Après avoir nettement progressé depuis les années 1980, la vaccination des enfants montre des signes de reflux dans plusieurs pays d’Europe depuis la pandémie de Covid-19, au risque de faire resurgir des maladies infectieuses, selon une étude publiée jeudi par The Lancet.
Pour ce travail, les niveaux de sept vaccinations infantiles (diphtérie, tétanos et coqueluche, hépatite B, méningite B, poliomyélite, pneumocoque, rougeole, rubéole) dans les vingt-sept pays de l’Union européenne (UE) sont passés au crible sur plus de quarante ans, entre 1980 et 2024, à partir de données de l’Organisation mondiale de la santé (OMS) et de l’Unicef.

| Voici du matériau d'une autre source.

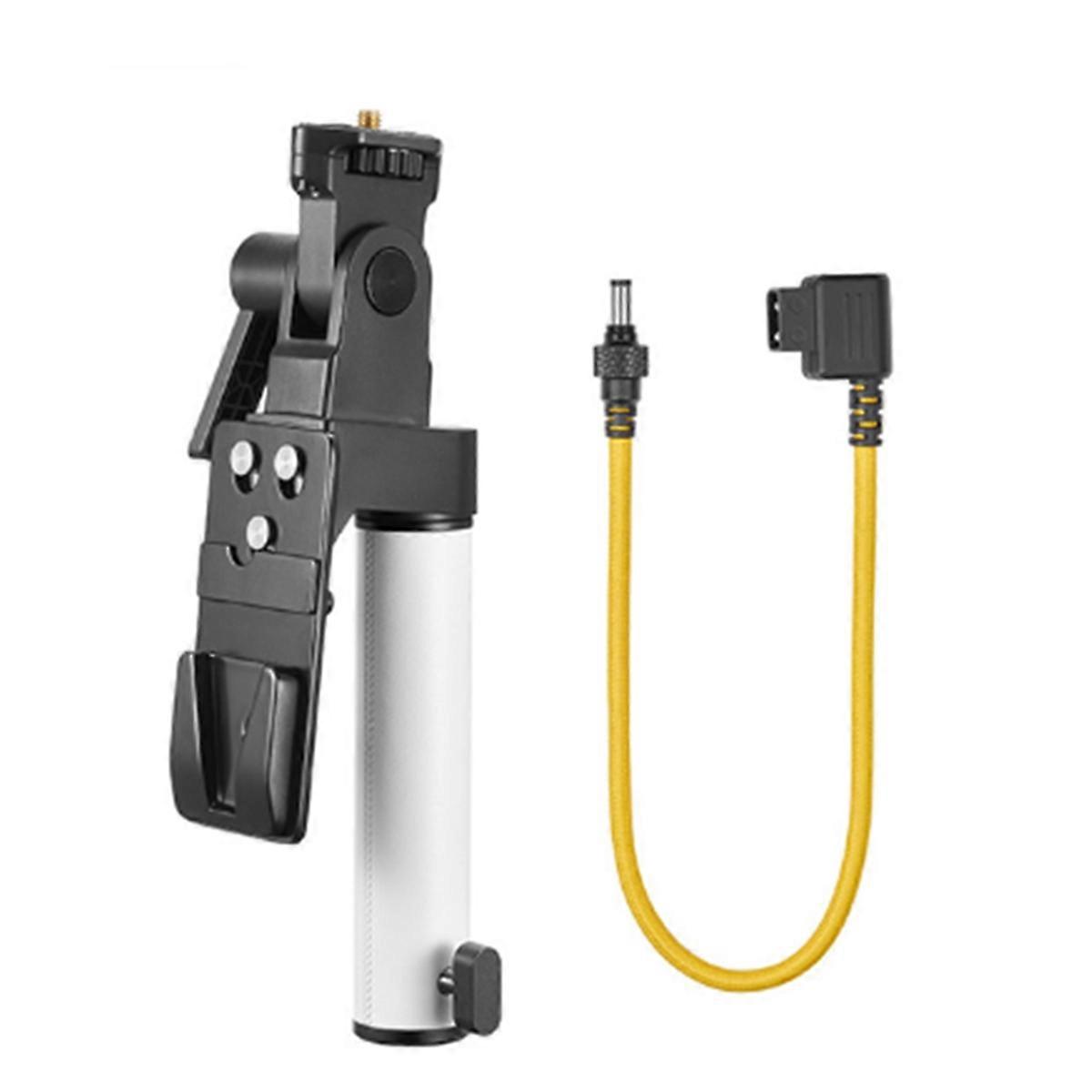 Battery -B02 V Mount Battery Grip Holder for ML60 ML60II BI ML100BI ML100R Led Light Stand Tripod B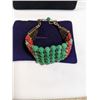Image 2 : VINTAGE PERUAN BEADS BRACELET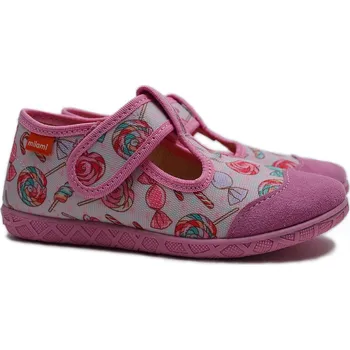 Chlapecké bačkory Dívčí bačkory MILAMI 112-10 LH Lollipop Velikost: 28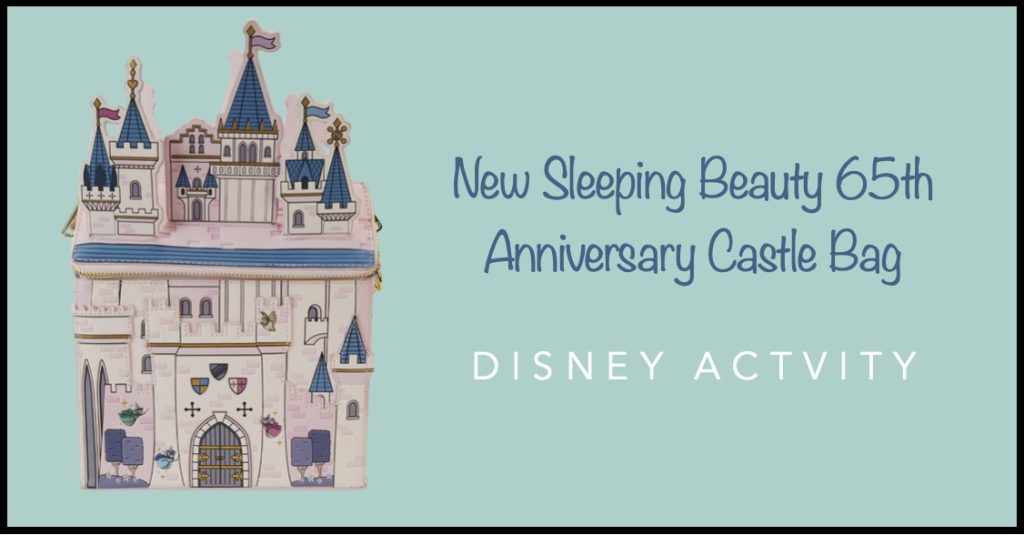 New Sleeping Beauty 65th Anniversary Exclusive Castle Bag Sleeping-Beauty-Castle-Bag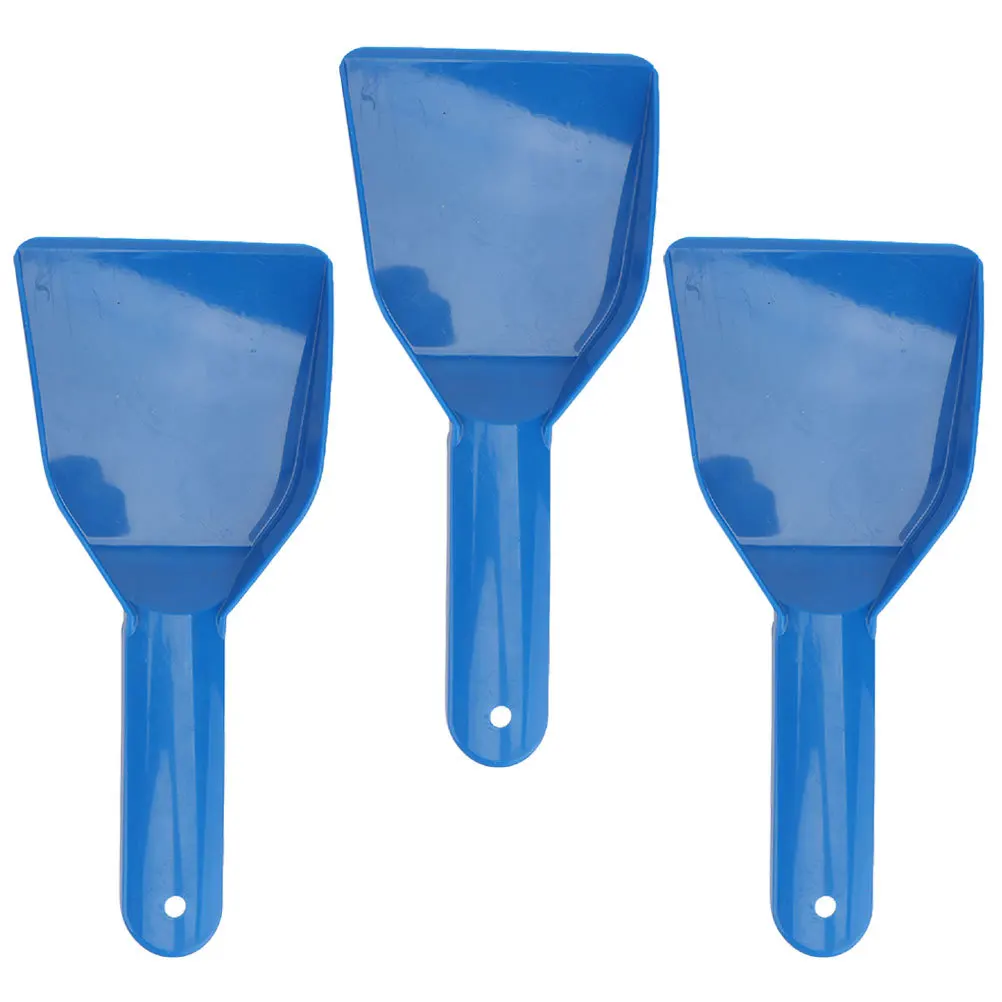 

3Pcs Plastic Ice Shovel Refrigerator Ice Scraper Versatile Frost Remover Durable Kitchen Cleaning Shovel Snow Remover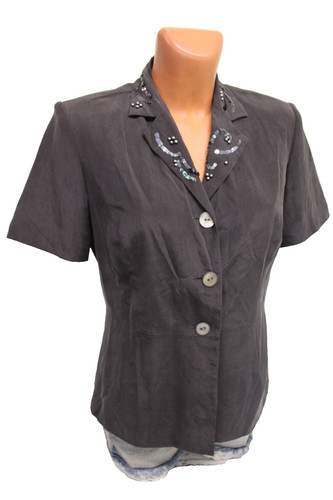 Apart dünne jacke aus seide - seide, m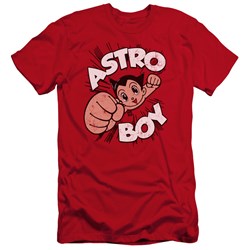 Astro Boy - Mens Flying Premium Slim Fit T-Shirt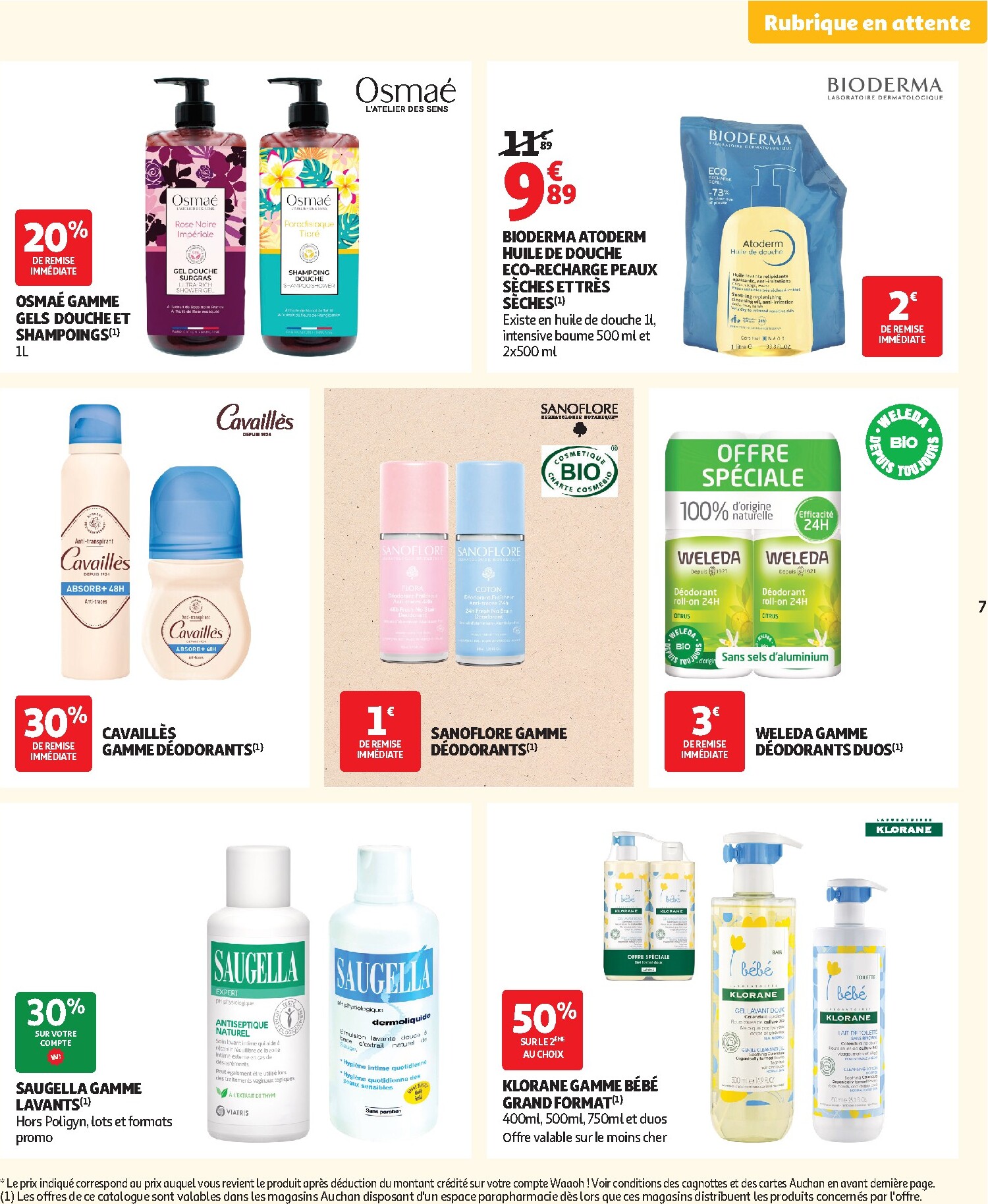 auchan - Toekomstige Auchan - Parapharmacie, beauté folder geldig van dinsdag 02/06/2026 tot woensdag 24/06/2026 - page: 9
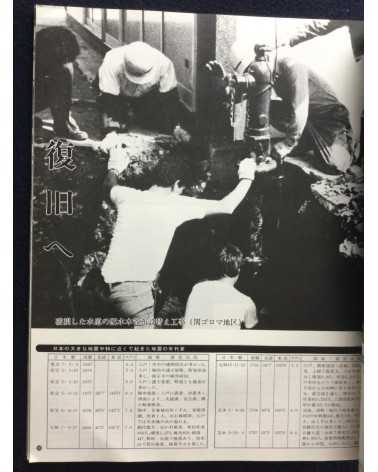 Kiroku Photobook - 1983.5.26.12:00, Sea of Japan earthquake -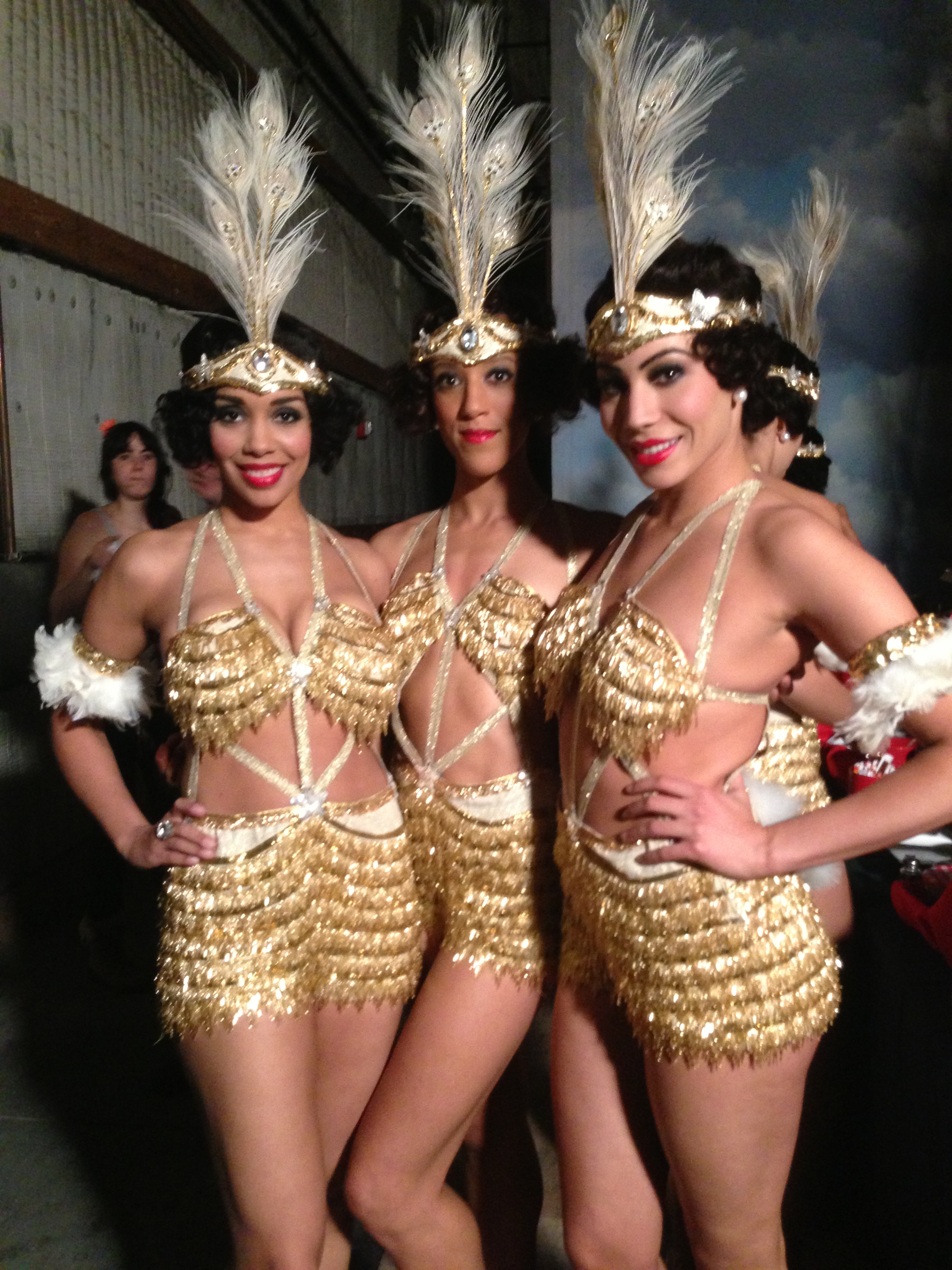 Onyx Club showgirls on Boardwalk Empire Season 4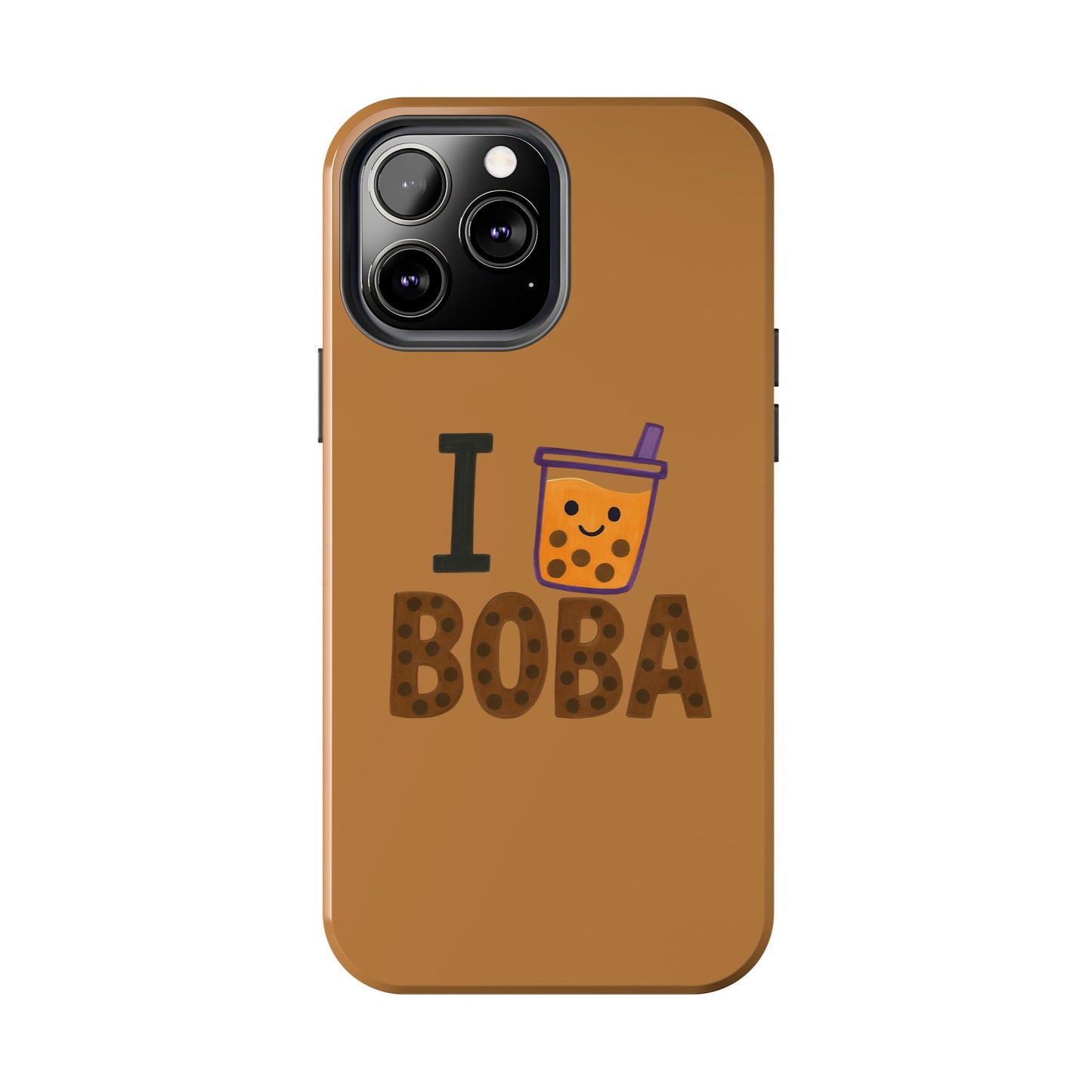 "I Luv Boba" Phone case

Il en ressort « un panorama complexe », jugent les auteurs de cette vaste analyse, parue dans The Lancet Regional Health. D’un côté, l’UE a atteint des taux de vaccination infantile « historiquement élevés » contre ces pathologies, avec une hausse substantielle sur une quarantaine d’années mais hétérogène selon les pays. En 2024, le Luxembourg et le Portugal atteignaient ainsi au moins 95 % de couverture pour les sept vaccinations, là où la Roumanie se situait sous 80 %.
Mais « une détérioration récente, préoccupante et généralisée » s’est dessinée ces dernières années, la pandémie de Covid-19 marquant un tournant, montre l’étude. Seize pays de l’UE ont ainsi enregistré une baisse des taux de vaccination pour au moins quatre vaccins. C’est notamment le cas de la Bulgarie, de Chypre, de l’Irlande, des Pays-Bas, de la Roumanie et de la Suède, où les sept vaccinations étudiées ont toutes décliné ces dernières années.
Possible effet du Covid-19
Les données d’Allemagne et d’Espagne ont aussi montré un repli pour cinq des sept vaccinations infantiles, tandis qu’en France et en Italie, la couverture vaccinale a augmenté pour quatre vaccins et diminué pour trois autres.
Les baisses récentes les plus marquées ont été observées pour les vaccinations infantiles contre la méningite B et contre la poliomyélite – en recul dans vingt pays –, devant celles contre l’hépatite B – en repli dans dix-huit pays – et contre la diphtérie, tétanos, polio – en diminution dans dix-sept pays. Les tendances apparaissent relativement moins défavorables contre la rougeole et la rubéole.
La plupart des reflux de vaccinations infantiles ont commencé entre 2019 et 2022, coïncidant avec l’époque du Covid-19, qui a alimenté de la défiance et de la désinformation envers les vaccins. Si les chercheurs estiment que la crise sanitaire née de la pandémie a pu jouer, ils précisent aussi que leur étude ne visait pas à élucider les raisons des évolutions vaccinales. Ils insistent surtout sur « l’urgence » de garantir une couverture vaccinale élevée et durable, « afin de prévenir la réapparition de maladies infectieuses ».
Ces cinquante dernières années, les vaccinations ont réduit le fardeau de maladies comme le tétanos, la coqueluche, la pneumonie, la rougeole, la grippe et la diphtérie, évitant plus de 154 millions de décès dans le monde, surtout chez les enfants, rappelle l’étude.